In addition to general GSBS course requirements, the Immunology Program has the following course requirements and electives:

Course Requirements for PhD students who matriculated in or after 2021

  • Required courses
    • GS06 1013 Fundamental Immunology (formerly Immunology I)
    • GS06 1103 Emerging Concepts in Immunology (formerly Immunology II)
  • Two or more elective courses for a total of 4 or more hours are required. Program Directors and the student’s advisory members can assist the student in choosing elective(s). The following courses are recommended but others may be taken to meet the educational goals of the student's training program:
      • GS04 1235 Basic and Translational Cancer Biology
      • GS04 1093 The Biology of Cancer Metastasis
      • GS04 1253 Principles of Genetics and Epigenetics
      • GS13 1024 Molecular Basis of Cell Signaling
      • GS04 1103 Principles of Therapeutics
      • GS06 1132 Application of Tumor Immunology in the Clinical Setting
      • GS06 1611: Advanced Topics in Immunology
      • GS01 1041 Computational Approaches for Single-Cell Data Analysis
      • GS04 1251 Practical Bioinformatics
      • GS01 1143 Introduction to Bioinformatics
      • GS04 1072 Principles of Stem Cell Biology

    Course Requirements for PhD students who matriculated before 2021

    • Required courses
      • GS06 1013 Fundamental Immunology (formerly Immunology I)
      • GS06 1103 Emerging Concepts in Immunology (formerly Immunology II)
    • One or two electives from the above elective list are required (2 credit hours total).
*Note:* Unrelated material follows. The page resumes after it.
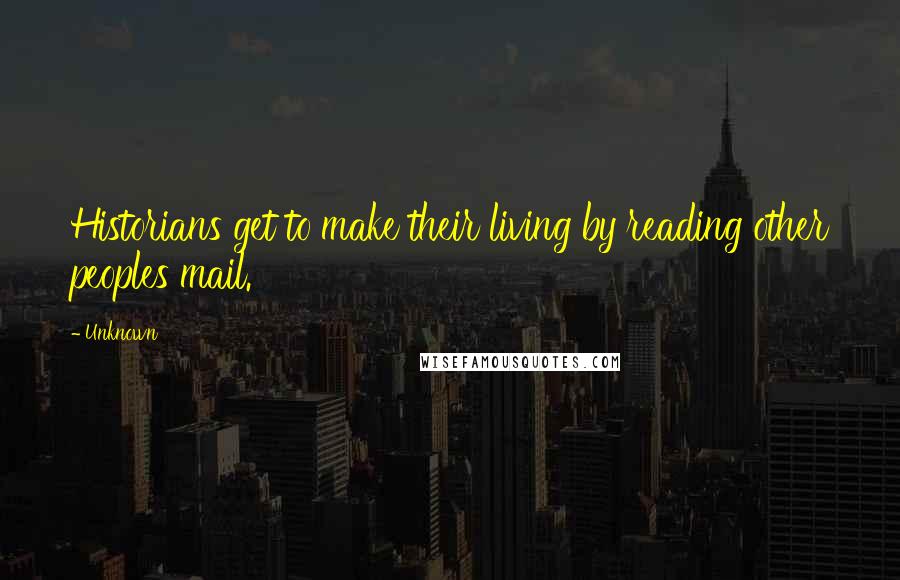 Unknown Quotes: Historians get to make their living by reading other peoples mail.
Program Directors and the student’s advisory members can assist the student in choosing elective(s). 

    Course Requirements for MS students

    • Required courses
      • GS06 1013 Fundamental Immunology (formerly Immunology I)
      • GS06 1103 Emerging Concepts in Immunology (formerly Immunology II)

    Course Descriptions

    • Advanced Topics in Immunology
      Course Detail

      GS06 1611 (1 credits)

      This course is an analysis of current topics in immunology.  Weekly oral presentations of an assigned topic will be made by participating students.  Course emphasis is on the development of communication skills and analysis of current research areas.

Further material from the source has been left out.